Said Didu: Indonesia Hanya Bisa Diselamatkan Pemimpin Bernyali

Mediaumat.id – Menanggapi permasalahan yang semakin kompleks di Indonesia, mantan Sekretaris Badan Usaha Milik Negara (BUMN) Muhammad Said Didu mengatakan negara ini hanya bisa diselamatkan oleh pemimpin yang memiliki nyali.

“Saya katakan negara ini hanya bisa diselamatkan kalau pergantian rezim dari mental kacung kepada orang-orang yang bernyali,” ungkapnya dalam acara Seminar Nasional Kebangkitan Umat Islam: Merekat Kebersamaan untuk Menghadapi Tantangan Masa Depan, Ahad (28/5/2023) di kanal YouTube Refly Harun.

Ia pun menyebutkan alasannya mengapa harus pemimpin bernyali. “Kalau kita meninggalkan pemimpin-pemimpin tidak bernyali maka bangsa ini akan habis dijual,” jelasnya.

Pasalnya, terang Said Didu, rezim Joko Widodo telah mewariskan tujuh masalah besar yang tidak mungkin dapat diatasi oleh pemimpin tidak bernyali.

Pertama, utang negara. Menurutnya, Joko Widodo setiap harinya menambah utang sebesar Rp1,7 triliun, berbeda jauh di masa Soeharto (0,07 triliun per hari) dan masa Susilo Bambang Yudhoyono (0,37 triliun per hari).

“Itulah yang akan diterima presiden mana pun nanti, dan perkiraan saya utang kita ditambah BUMN kira-kira sampai 2024 mungkin sekitar 16-17 ribu triliun,” ungkapnya.

Kedua, kekuasaan oligarki.
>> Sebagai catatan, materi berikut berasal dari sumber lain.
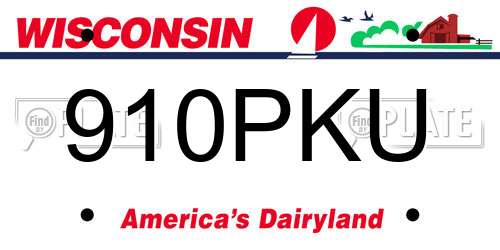 910PKU Wisconsin License Plate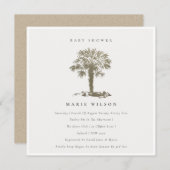 シックビーチパームツリーダーク金ゴールドベビーシャワー招待状 サンキューカード (正面/裏面)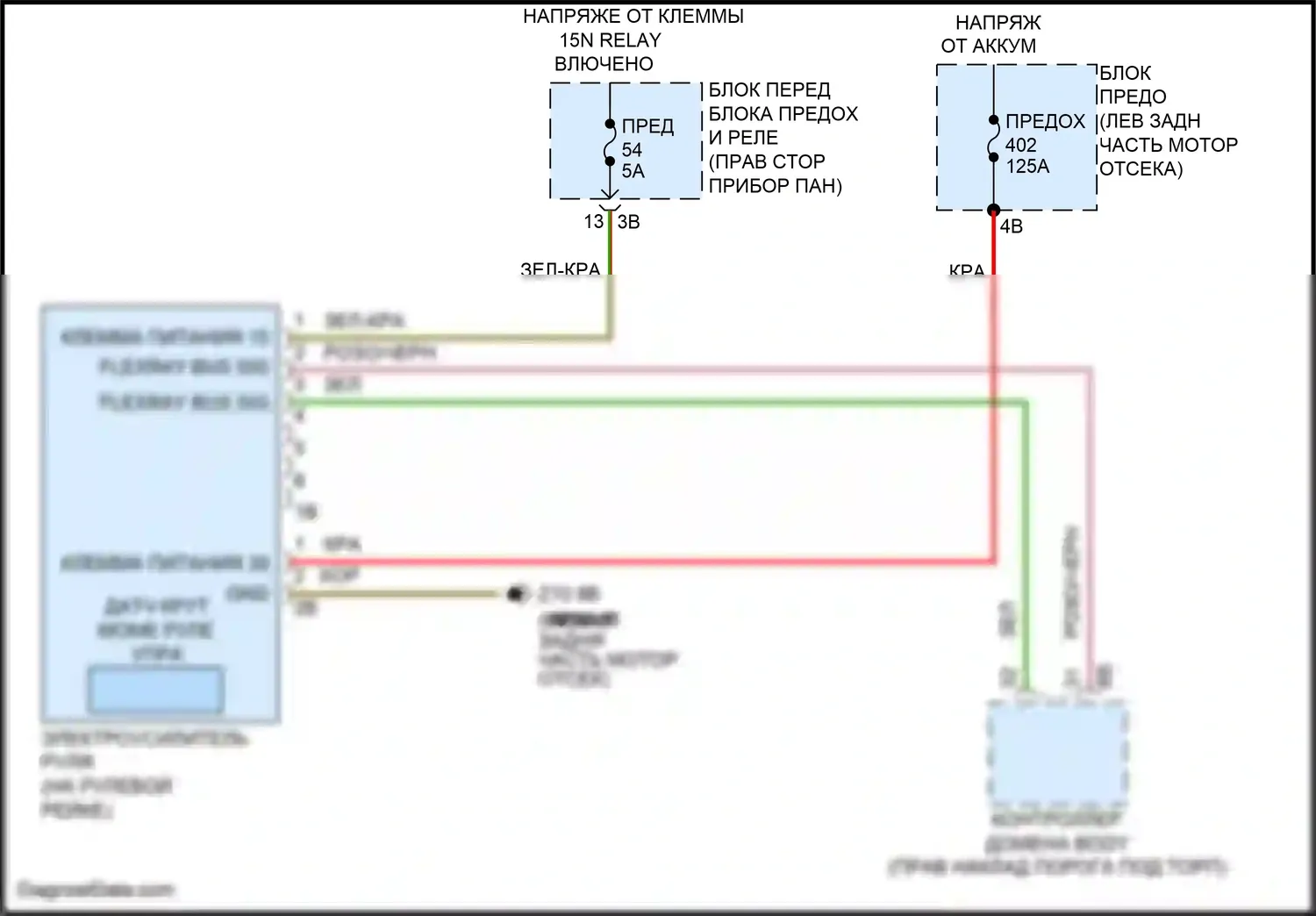 Cooper MINI III (2013-2018): Электросхема электроусилителя руля, хэтчбека 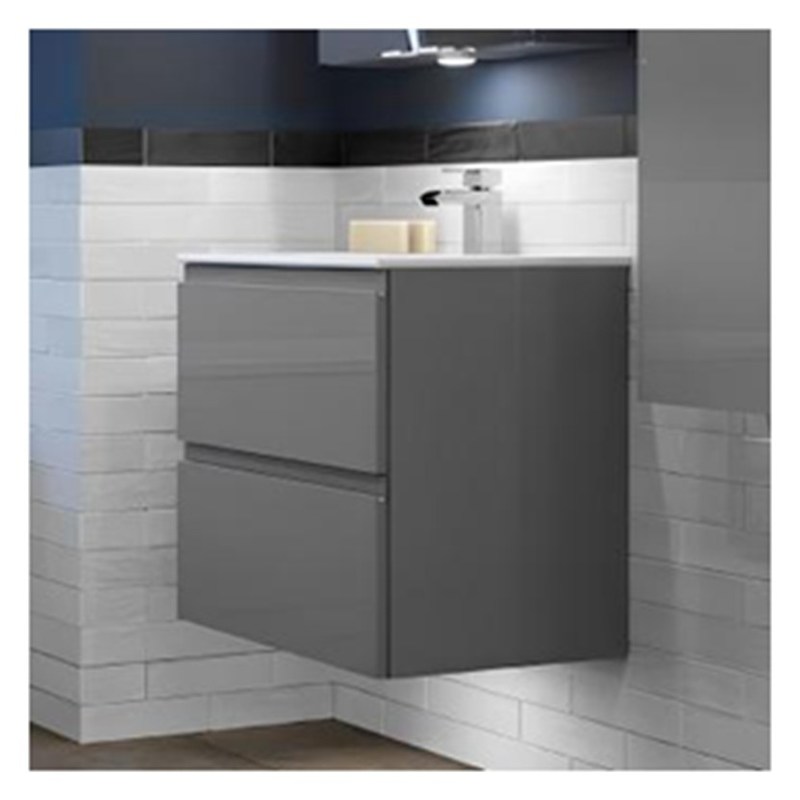 Vanité de salle de bain en bois massif suspendu rond avec évier et finition brillante de petit format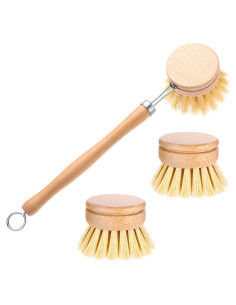 Cepillo de Platos Boao Natural con Mango de Madera y 2 Repuestos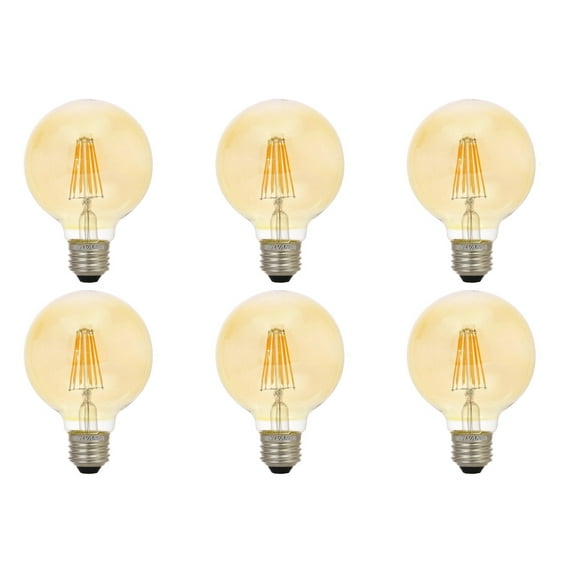 (6 bulbs) Sylvania 40069 LED Vintage G40 Globe, Amber Glow, 60 watt replacement using only 6.5 watts, 650 lumens, Dimmable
Said menilai rakyat hari ini bukan lagi sebagai penguasa, semua bisa dibayar dan dipecah belah.

Ketiga, korupsi, kolusi, dan nepotisme (KKN). Menurutnya tidak tanggung-tanggung, kalau Soeharto 30 tahun baru berani memunculkan anaknya sebagai calon menteri, hari ini hanya tiga tahun sudah muncul anak dan menantu.

Keempat, infrastruktur yang mangkrak dan tidak layak. “Mangkrak dan tidak layak itu akan banyak sekali terjadi. Bandara, jalan tol, pelabuhan dan lain-lain akan kita terima dan akan mencicil utang tersebut,” bebernya.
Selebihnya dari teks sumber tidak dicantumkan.